In the Interest of D.D.B., a child.
The Juvenile Court of Fulton County entered an order terminating the parental rights of the mother of D.D.B. The mother appeals, enumerating three errors. Finding no error, we affirm.
On appeal from a termination order, this Court views the evidence in the light most favorable to the appellee and determines whether any rational trier of fact could have found by clear and convincing evidence that the natural parent's rights to custody have been lost. In the Interest of S.H., 251 Ga.App. 555(1), 553 S.E.2d 849 (2001). “This Court neither weighs evidence nor determines the credibility of witnesses; rather, we defer to the trial court's fact-finding and affirm unless the appellate standard is not met.” (Citation omitted.) In the Interest of C.R.G., 272 Ga.App. 161, 161-162, 611 S.E.2d 784 (2005).
Viewed in this light, the evidence shows that the mother has three minor children. D.D.B. was born on February 12, 1999 and was taken into custody by the Fulton County Department of Family and Children Services (Department) in December 1999 because of the mother's inability to care for her children due to her admitted drug addiction.
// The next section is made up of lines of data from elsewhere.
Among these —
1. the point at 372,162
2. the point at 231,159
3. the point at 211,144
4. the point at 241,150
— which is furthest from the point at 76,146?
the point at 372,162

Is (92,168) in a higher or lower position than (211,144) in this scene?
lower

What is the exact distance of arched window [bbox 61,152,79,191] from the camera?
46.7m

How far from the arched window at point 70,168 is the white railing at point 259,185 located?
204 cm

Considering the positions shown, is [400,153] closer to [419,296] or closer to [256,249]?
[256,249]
The child was adjudicated deprived and placed in the custody of the Department. That order was not appealed. The permanent plan for the children at that time was reunification with the mother. Pursuant to that plan, the mother was to attain stable housing, participate in drug assessment and treatment, become gainfully employed, cooperate with the agency and visit her children consistently. However, by June 5, 2000, the mother was still using drugs, having unsuccessfully attempted four substance abuse programs. In November 2000, the Department moved for an extension of temporary custody of D.D.B. The juvenile court granted the motion, based on the fact that the mother anticipated being in a drug treatment program for another six months and that she was without a home and currently searching for an apartment; however, the court noted that the mother was employed, attending a drug treatment program, cooperating with the Department and “doing well.”
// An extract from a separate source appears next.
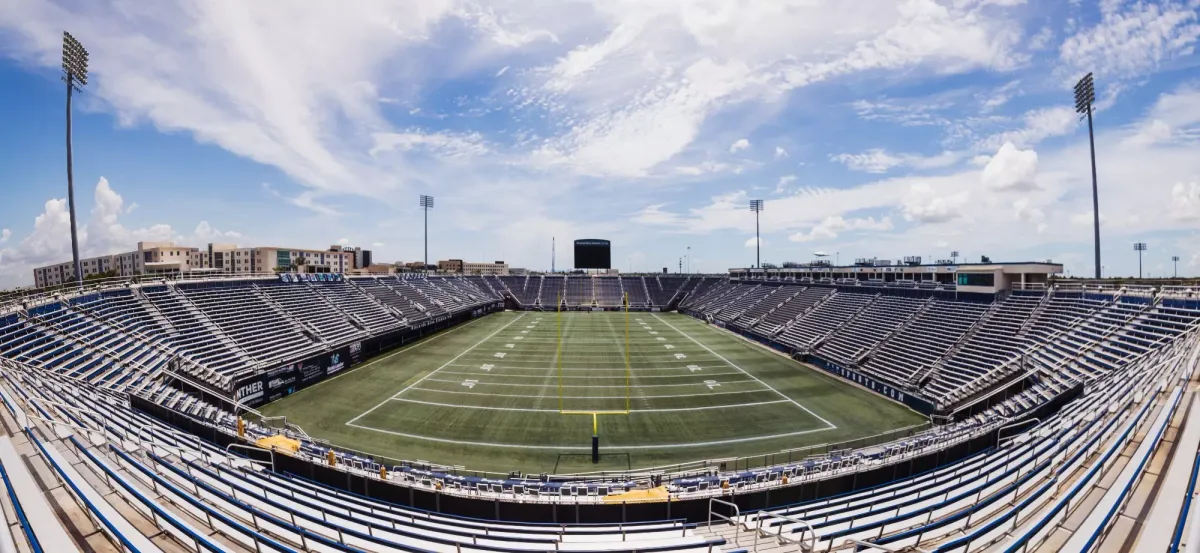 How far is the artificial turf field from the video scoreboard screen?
3862 cm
The mother's progress continued through November 2001, but by March 2002 she had relapsed and was, by her own admission, again using drugs. She was also once again unemployed and without her own place to live. However, by May, she had obtained employment and had enrolled in another drug addiction program. At that time, D.D.B. was living in a Families First foster home with one of her siblings and was doing well.
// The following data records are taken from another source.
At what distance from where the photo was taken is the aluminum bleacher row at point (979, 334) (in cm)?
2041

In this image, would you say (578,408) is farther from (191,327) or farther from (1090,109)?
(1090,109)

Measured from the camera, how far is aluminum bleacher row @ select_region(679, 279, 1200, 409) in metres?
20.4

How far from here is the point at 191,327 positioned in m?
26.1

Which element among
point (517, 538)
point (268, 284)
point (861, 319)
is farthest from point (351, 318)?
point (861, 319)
The mother continued this on-again, off-again progress over the next year. However, by March 2003 the mother was not in a drug treatment program, had been evicted from her residence and was once again using drugs. The mother's contact with the children was inconsistent, and unsupervised visits with the mother had to be cancelled after she came to the foster home with an open bottle of alcohol in her automobile.
A petition to terminate the mother's parental rights was filed on March 24, 2004. D.D.B. was placed with a foster-to-adopt parent in May 2004, and has lived there ever since.
Hearings were held throughout 2005 on the termination petition. At a hearing on April 6, 2005, a former caseworker who had worked with the family for approximately four years testified to the mother's on-again, off-again efforts to overcome her drug addictions and to meet her reunification case plan goals. She testified that the mother had failed to meet her goals, that she was very inconsistent in her visitations with the children, and that her employment history was “very sporadic.” She also testified that the mother failed to cooperate with the Department, that at times she did not know the mother's whereabouts, and that the mother would then reappear and usually report a drug relapse.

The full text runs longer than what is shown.